In this document we describe a two-space garbage collector that can deal with cycles. In Starlark, we use this pattern both when doing a real garbage collection, and when freezing. In both cases, we start out with a memory block which has pointers referring to things inside it, and end up with a new memory block with equivalent pointers inside it. However, only pointers reachable from outside the original memory block are available in the new memory block. The garbage collector can deal with cyclic data structures and the time spent is proportional to the amount of live data in the heap (memory that is dropped is not even visited).

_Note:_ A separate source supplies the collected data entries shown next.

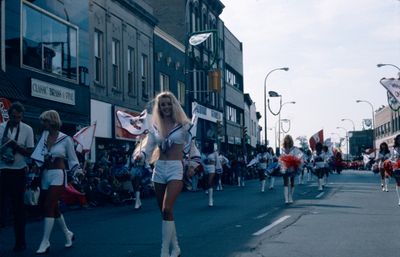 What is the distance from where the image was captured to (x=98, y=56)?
27422 mm

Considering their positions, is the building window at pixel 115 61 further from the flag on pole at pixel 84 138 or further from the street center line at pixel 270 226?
the street center line at pixel 270 226

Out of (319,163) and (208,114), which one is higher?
(208,114)

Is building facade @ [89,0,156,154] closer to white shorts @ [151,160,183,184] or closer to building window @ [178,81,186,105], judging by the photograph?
building window @ [178,81,186,105]

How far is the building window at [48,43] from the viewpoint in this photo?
829 inches

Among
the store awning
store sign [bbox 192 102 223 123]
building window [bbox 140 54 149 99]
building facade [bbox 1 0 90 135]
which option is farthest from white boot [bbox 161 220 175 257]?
store sign [bbox 192 102 223 123]

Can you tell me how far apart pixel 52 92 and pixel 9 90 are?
13.4 feet

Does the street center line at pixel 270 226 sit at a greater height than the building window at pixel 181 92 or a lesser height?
lesser

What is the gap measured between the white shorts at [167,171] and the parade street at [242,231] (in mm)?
1730

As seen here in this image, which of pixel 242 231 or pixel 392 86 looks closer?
pixel 242 231

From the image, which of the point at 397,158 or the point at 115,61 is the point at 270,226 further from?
the point at 115,61

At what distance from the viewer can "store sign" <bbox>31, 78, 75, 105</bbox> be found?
70.3ft

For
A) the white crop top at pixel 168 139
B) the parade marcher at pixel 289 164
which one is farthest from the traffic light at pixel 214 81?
the white crop top at pixel 168 139

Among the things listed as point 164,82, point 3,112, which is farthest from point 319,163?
point 3,112

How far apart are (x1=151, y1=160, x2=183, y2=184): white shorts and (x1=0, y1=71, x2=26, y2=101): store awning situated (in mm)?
11450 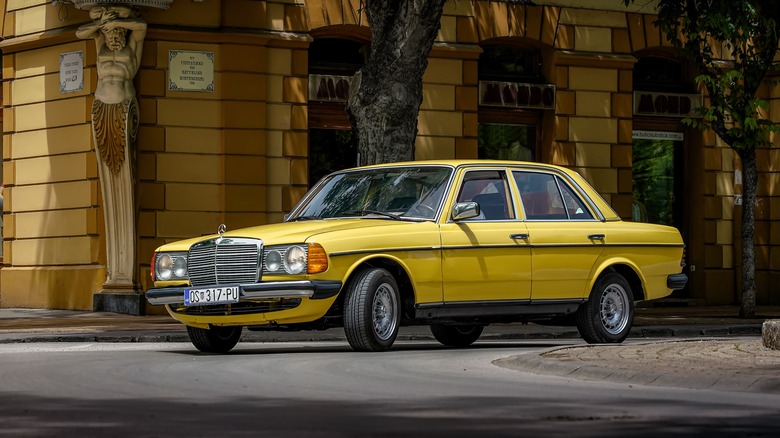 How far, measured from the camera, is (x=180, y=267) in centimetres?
1427

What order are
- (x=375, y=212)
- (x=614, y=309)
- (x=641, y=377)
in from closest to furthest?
(x=641, y=377) < (x=375, y=212) < (x=614, y=309)

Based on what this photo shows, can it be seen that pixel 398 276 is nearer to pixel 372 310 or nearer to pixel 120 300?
pixel 372 310

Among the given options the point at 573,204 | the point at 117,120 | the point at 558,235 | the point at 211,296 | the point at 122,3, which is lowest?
the point at 211,296

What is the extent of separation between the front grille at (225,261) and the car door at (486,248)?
1770 mm

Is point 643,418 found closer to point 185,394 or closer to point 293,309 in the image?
point 185,394

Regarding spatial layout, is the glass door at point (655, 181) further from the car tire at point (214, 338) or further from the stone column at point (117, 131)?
the car tire at point (214, 338)

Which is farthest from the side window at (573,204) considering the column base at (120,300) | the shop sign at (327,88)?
the shop sign at (327,88)

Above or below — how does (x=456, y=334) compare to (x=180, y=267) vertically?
below

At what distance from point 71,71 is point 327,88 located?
3.92 metres

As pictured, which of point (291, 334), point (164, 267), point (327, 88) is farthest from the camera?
point (327, 88)

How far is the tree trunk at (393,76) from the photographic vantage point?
20219mm

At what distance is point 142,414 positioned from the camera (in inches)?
352

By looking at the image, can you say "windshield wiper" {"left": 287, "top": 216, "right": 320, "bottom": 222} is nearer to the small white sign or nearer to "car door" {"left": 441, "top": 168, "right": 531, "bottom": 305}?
"car door" {"left": 441, "top": 168, "right": 531, "bottom": 305}

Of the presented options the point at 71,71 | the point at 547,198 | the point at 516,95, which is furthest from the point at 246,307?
the point at 516,95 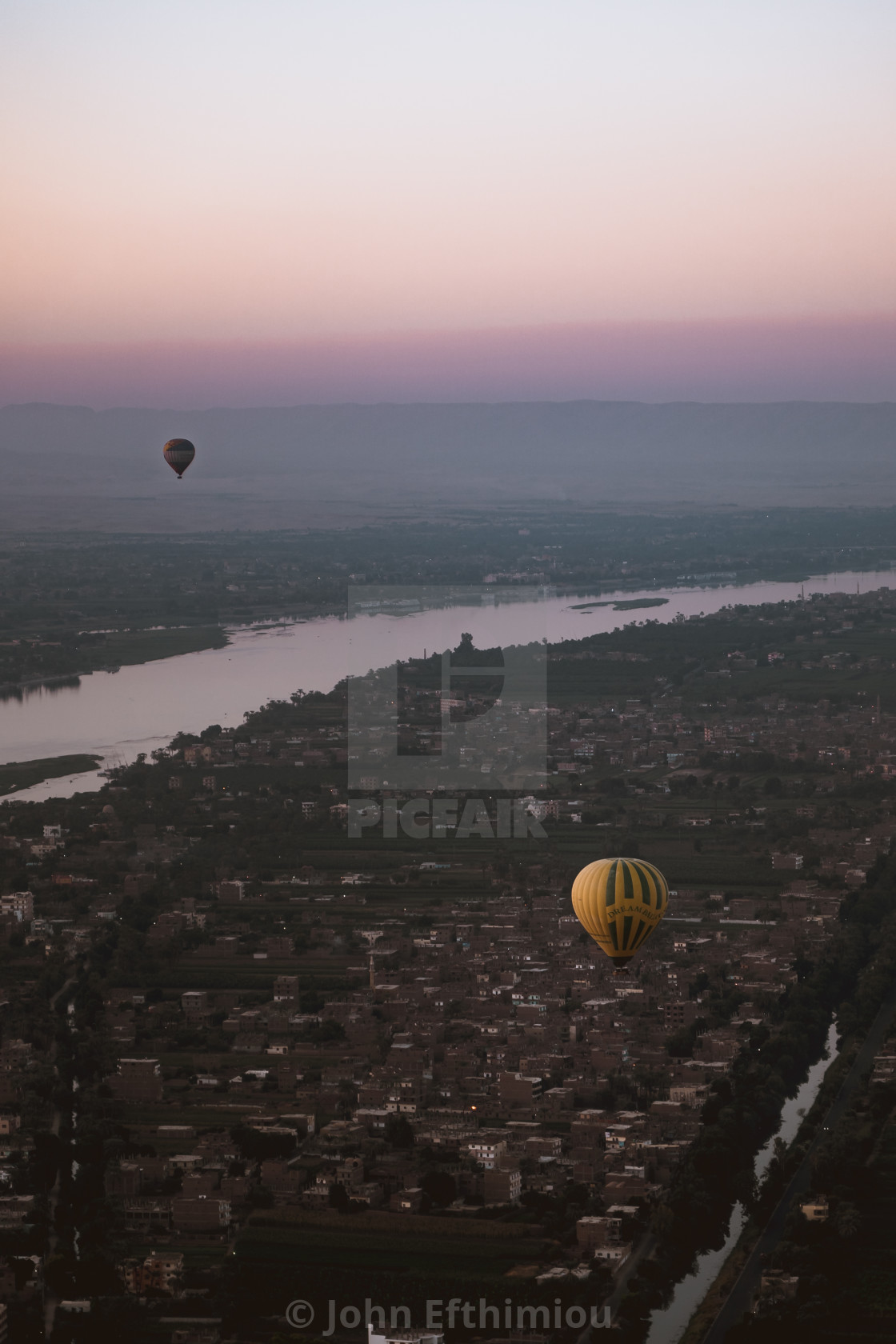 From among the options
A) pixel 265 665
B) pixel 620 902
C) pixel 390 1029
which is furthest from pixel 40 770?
pixel 620 902

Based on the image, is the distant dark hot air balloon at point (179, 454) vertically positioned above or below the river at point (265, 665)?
above

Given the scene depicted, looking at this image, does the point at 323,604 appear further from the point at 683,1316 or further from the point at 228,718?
the point at 683,1316

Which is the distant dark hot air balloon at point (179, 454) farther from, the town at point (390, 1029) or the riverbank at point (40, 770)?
the riverbank at point (40, 770)

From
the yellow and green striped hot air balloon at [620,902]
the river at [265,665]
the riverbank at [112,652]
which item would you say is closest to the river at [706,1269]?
the yellow and green striped hot air balloon at [620,902]

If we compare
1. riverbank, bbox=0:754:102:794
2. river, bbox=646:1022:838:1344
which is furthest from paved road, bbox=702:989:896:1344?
riverbank, bbox=0:754:102:794

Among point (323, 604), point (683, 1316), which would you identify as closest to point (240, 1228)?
point (683, 1316)

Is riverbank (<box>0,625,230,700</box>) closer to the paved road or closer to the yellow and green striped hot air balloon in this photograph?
the paved road

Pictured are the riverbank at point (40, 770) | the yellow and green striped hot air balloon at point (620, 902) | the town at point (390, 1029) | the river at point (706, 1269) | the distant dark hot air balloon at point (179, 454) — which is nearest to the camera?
the river at point (706, 1269)

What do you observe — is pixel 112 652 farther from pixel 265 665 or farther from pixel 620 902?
pixel 620 902
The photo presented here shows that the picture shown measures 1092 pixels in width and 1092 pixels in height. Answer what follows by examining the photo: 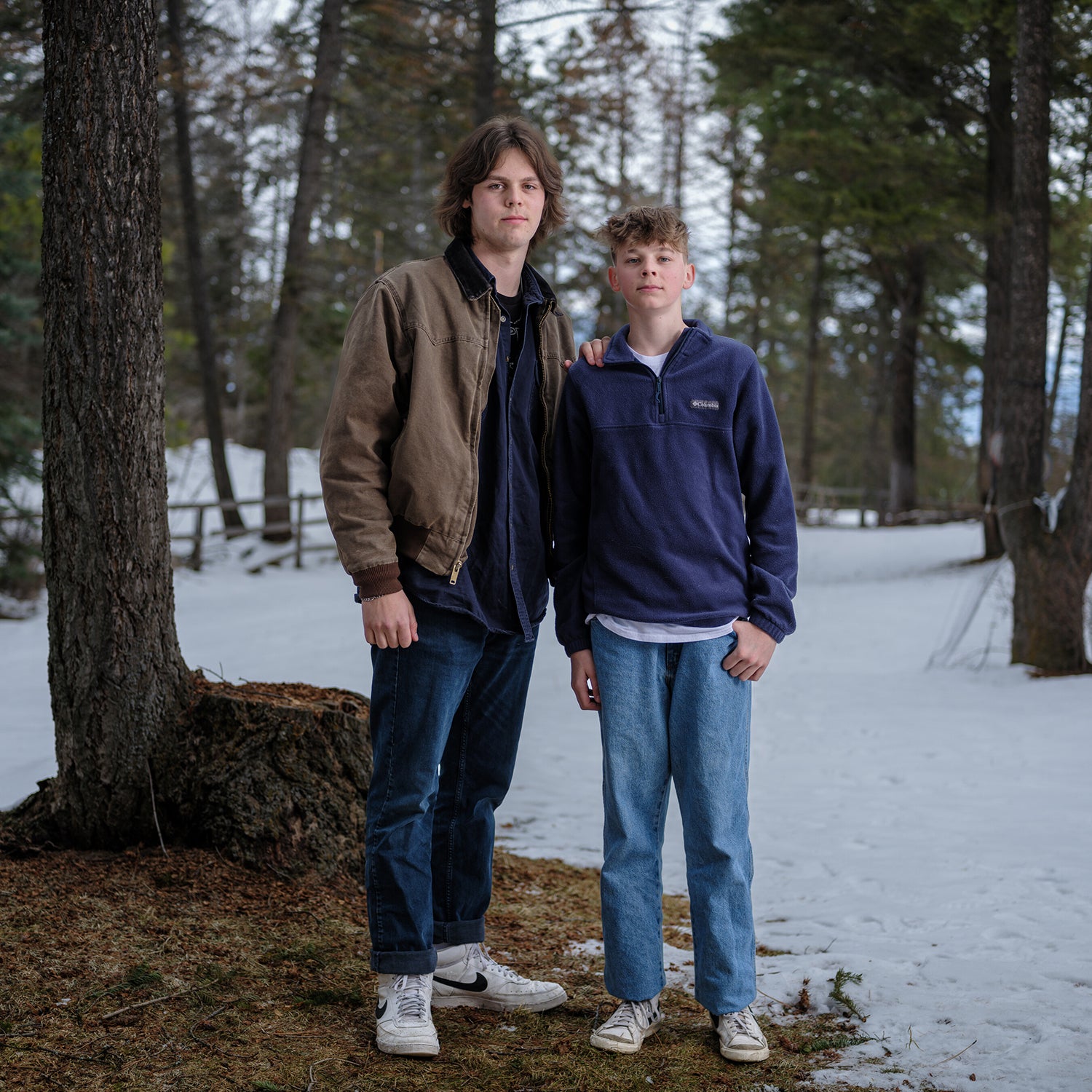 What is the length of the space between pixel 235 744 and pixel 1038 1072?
2.38m

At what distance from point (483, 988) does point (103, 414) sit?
78.3 inches

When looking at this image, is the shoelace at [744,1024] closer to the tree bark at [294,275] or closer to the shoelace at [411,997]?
the shoelace at [411,997]

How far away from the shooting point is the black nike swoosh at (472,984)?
2828 mm

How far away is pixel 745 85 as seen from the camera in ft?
47.9

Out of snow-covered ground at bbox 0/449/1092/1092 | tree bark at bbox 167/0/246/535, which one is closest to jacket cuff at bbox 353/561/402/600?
snow-covered ground at bbox 0/449/1092/1092

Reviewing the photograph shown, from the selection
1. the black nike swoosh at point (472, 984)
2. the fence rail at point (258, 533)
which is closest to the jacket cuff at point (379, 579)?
the black nike swoosh at point (472, 984)

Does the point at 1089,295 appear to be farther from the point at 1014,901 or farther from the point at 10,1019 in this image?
the point at 10,1019

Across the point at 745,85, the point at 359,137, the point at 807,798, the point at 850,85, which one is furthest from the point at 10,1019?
the point at 359,137

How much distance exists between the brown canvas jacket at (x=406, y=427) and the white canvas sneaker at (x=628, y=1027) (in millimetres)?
1109

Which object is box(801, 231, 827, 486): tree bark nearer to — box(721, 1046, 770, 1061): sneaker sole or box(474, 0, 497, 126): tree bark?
box(474, 0, 497, 126): tree bark

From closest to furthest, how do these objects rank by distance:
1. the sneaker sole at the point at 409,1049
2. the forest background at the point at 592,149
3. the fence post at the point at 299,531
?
the sneaker sole at the point at 409,1049 < the forest background at the point at 592,149 < the fence post at the point at 299,531

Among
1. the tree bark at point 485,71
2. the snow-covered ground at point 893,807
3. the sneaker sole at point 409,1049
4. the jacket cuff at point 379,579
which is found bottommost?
the snow-covered ground at point 893,807

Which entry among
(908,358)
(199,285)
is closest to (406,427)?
(199,285)

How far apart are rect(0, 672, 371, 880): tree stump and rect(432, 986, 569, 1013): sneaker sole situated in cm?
73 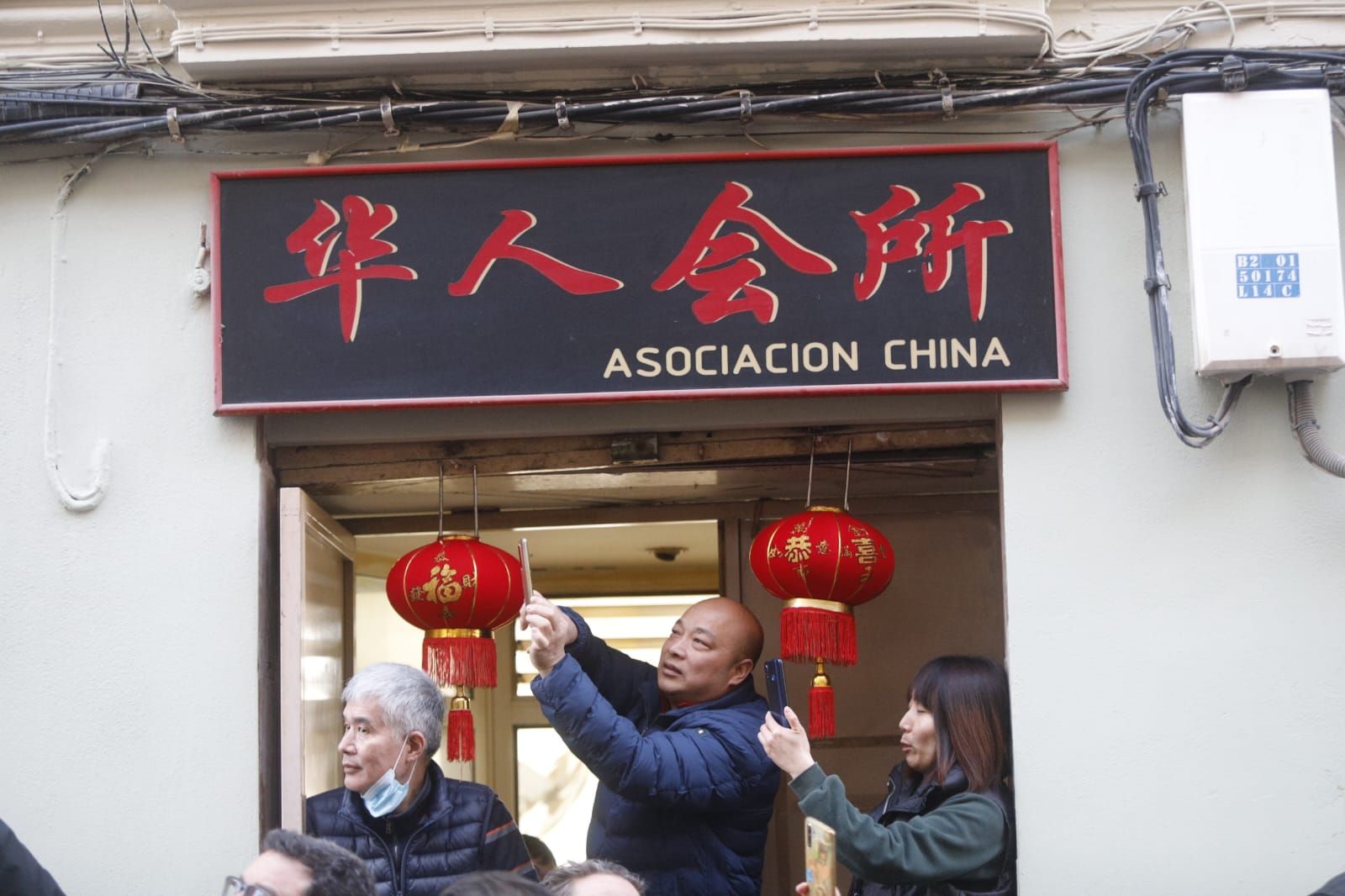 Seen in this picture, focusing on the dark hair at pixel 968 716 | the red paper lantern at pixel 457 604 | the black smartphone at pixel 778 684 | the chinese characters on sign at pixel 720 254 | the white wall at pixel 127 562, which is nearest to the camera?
the black smartphone at pixel 778 684

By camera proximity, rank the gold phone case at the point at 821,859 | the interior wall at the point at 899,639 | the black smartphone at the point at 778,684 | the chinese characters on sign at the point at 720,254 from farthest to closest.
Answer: the interior wall at the point at 899,639 → the chinese characters on sign at the point at 720,254 → the black smartphone at the point at 778,684 → the gold phone case at the point at 821,859

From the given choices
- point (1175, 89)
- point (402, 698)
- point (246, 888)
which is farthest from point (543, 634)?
point (1175, 89)

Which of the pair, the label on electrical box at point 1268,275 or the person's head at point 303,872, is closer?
the person's head at point 303,872

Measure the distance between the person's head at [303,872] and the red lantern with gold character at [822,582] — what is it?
2.20 m

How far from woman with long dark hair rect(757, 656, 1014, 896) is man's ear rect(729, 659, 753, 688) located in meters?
0.63

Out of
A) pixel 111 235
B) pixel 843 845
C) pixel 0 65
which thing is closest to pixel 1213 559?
pixel 843 845

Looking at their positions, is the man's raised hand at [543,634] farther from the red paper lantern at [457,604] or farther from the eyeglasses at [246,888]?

Given a heap with the layout:
X := Data("world")
Y := Data("hello", X, Y)
Z := Data("universe")
All of X
, Y
and Z
are memory locations. The Y
memory location has both some data of its own (i.e. "hello"
) and two pointers (X
and Y
itself).
The pointers from outside the heap into the heap are known as roots, and in our example let's assume that Y
is the only root. Because Y
is used from outside, we must move Y
to the new memory block. Consequently, the data X
needs to be copied, but Z
can be dropped.
Step 1: To copy Y
we allocate a value in the new heap A
with a sentinel value in it (we call that sentinel Blackhole
). We turn Y
into a Forward(A)
pointer, so that if anyone else in this cycle tries to collect Y
they immediately "forward" to the new value. And we grab the data from Y
so we can traverse its pointers. That gives us:
X := Data("world")
Y := Forward(A)
Z := Data("universe")
A := Blackhole
With Data("hello", X, Y)
the current item we are processing.
Step 2: We now walk the pointers of the current value, performing a garbage collection on each of them. To copy Y
we observe that Y
points at a Forward(A)
node, so don't need to do anything. To copy X
we follow the process starting at Step 1, but for X
(which ends up at B
). After performing that move we are left with:
X := Forward(B)
Y := Forward(A)
Z := Data("universe")
A := Blackhole
B := Data("world")
Step 3: We now replace all our pointers with the forwarded value, and write it back over the Blackhole
in A
. That gives us:
X := Forward(B)
Y := Forward(A)
Z := Data("universe")
A := Data("hello", B, A)
B := Data("world")
Step 4: We now adjust the any roots pointing at Y
to point at A
and throw away the original heap, leaving us with:
A := Data("hello", B, A)
B := Data("world")
We have successfully garbage collected a cyclic data structure, preserving the cycles, and getting rid of the unused data.